Viele Spieler können sich sicher noch an das Debakel um Unity erinnern, bei dem vor allem die technische Seite von dem Spiel nicht gut weg kam. Auch Ubisoft ist das bewusst, weshalb sie auf der GDC 2018 über die problematische Entwicklung sprachen.

Jean Guesdon, Creative Director bei Ubisoft, sagt, dass sie die Prioritäten in der Entwicklung falsch verteilt hätten. So hätte man sich zum Beispiel zu sehr auf 1:1-Umsetzungen von Gebäuden konzentriert, was letztendlich am Gameplay für Veränderungen gesorgt hätte, auf die man dann nicht korrekt reagiert hätte.
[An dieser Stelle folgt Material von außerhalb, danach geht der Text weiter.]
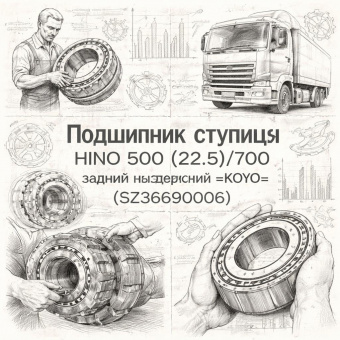 Подшипник ступицы HINO 500 (22.5)/700 задний внутренний =KOYO= (SZ36690006) фото в интернет-магазине РСТ-Моторс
Durch die falschen Prioritäten sei den Entwicklern auch zu wenig Spielraum für Visionen und Innovationen eingeräumt worden.

Das Spiel hätte zwar beeindruckend ausgesehen und das tut es auch heute noch, so der Creative Director, aber die Spielerfahrung entsprach nicht den Erwartungen der Community. "Wir hatten ein Spiel, dass künstlerisch großartig aussah, aber nicht genug Neuerungen für die Spielerfahrung bot", erklärt Guesdon. Origins sei deshalb auch für das Team ein geistiger Neuanfang gewesen, bei dem man sich wieder auf innovative Gameplay-Elemente konzentrieren wollte.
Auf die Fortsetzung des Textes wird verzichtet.